December 1, 2010 in Food

‘Essential’ recipes, a dash of history

Tan Vinh Seattle Times
 

Six years in the making, “The Essential New York Times Cookbook” covers more than 150 years of cooking, whittled down to 1,400 recipes.

It’s an ambitious book by Amanda Hesser, a food columnist at the New York Times. More than just republishing the best recipes in the Old Gray Lady, the 932-page tome also tracks what we ate over the decades.

About a century ago, Americans ate pigeons and game birds. Then we ate chicken. A lot.

In the ’90s, we ate a lot of duck. In recent years? Not so much.

Hesser has chronicled how the American diet has changed as we moved from hunting to raising and processing our food.

She also runs the popular cooking website food52.com.

We caught Hesser on her iPhone before she landed here for her book tour.

Q.This book took six years, 1,400 tested recipes and two loads in your dishwasher every day. You have twins. This has gotta feel like another birth.

A.The twins were just the warm-up. (She laughs.)

Q.You didn’t intend this book to be a historical reference, but in some ways it is. Lots of interesting facts – such as chicken is cooking faster now than 100 years ago. Why?

A.One theory is that farm animals were raised more slowly and were raised on pasture, which makes for denser muscle tissue. So it took much longer to cook. But it could also be a matter of breed and age of animal, as well. … It also takes more eggs now to bind a sauce. That could be different yolk size.

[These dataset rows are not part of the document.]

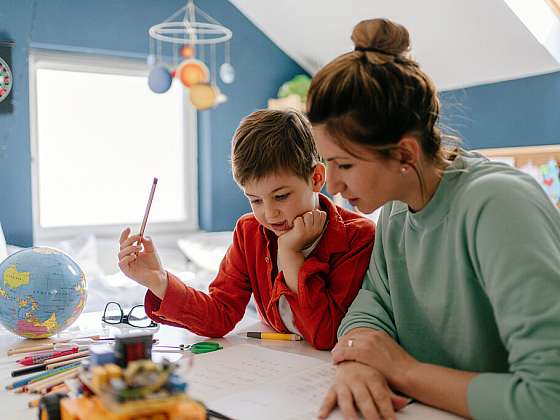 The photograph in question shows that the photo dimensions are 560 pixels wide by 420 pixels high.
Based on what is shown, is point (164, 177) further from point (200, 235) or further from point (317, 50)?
point (317, 50)

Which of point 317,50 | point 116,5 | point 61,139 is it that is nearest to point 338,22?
point 317,50

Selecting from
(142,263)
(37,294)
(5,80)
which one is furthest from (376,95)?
(5,80)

Or could be hens were raised differently.

Q.Soup has changed a lot in 150 years, more than any other food. Why?

A.The food processor and the blender. They gave you the ability to create a different texture and also blend ingredients in a very different way. … Also, they used to be cooked for a very long time. More recently, past decade or two, we cook soup for a lot less time. Emphasis now is on freshness of flavor. The old way was to cook it down to concentrate the flavors.

Q.Did it surprise you that four out of the five most recommended recipes were desserts? (A lasagna recipe was the exception.)

A.That did not surprise me at all. I joked that the book should be called “Chicken and Desserts,” because they were the two recipe categories that people recommended most. We love our sweets … a cake tends to be memorable. There is a sense of accomplishment.

Q.The most-recommended recipe was the Plum Torte (see the recipe at seattletimes.com). Never would have guessed. What’s that about?

A.The plums sink down into the batter like these inlaid jewels. It has this nice, glossy crust. It is this moist, lovely cake. It is a recipe that you can’t ruin.

Q.You wrote about Julie Powell who, in a year, had cooked every recipe in Julia Child’s “Mastering the Art of French Cooking.” (Hesser played herself in the 2009 movie about Powell, “Julie & Julia”.) Which would be harder to complete in a year – Child’s or your cookbook?

A.I don’t think you can complete 1,400 recipes in a year without losing your mind. (She laughs.)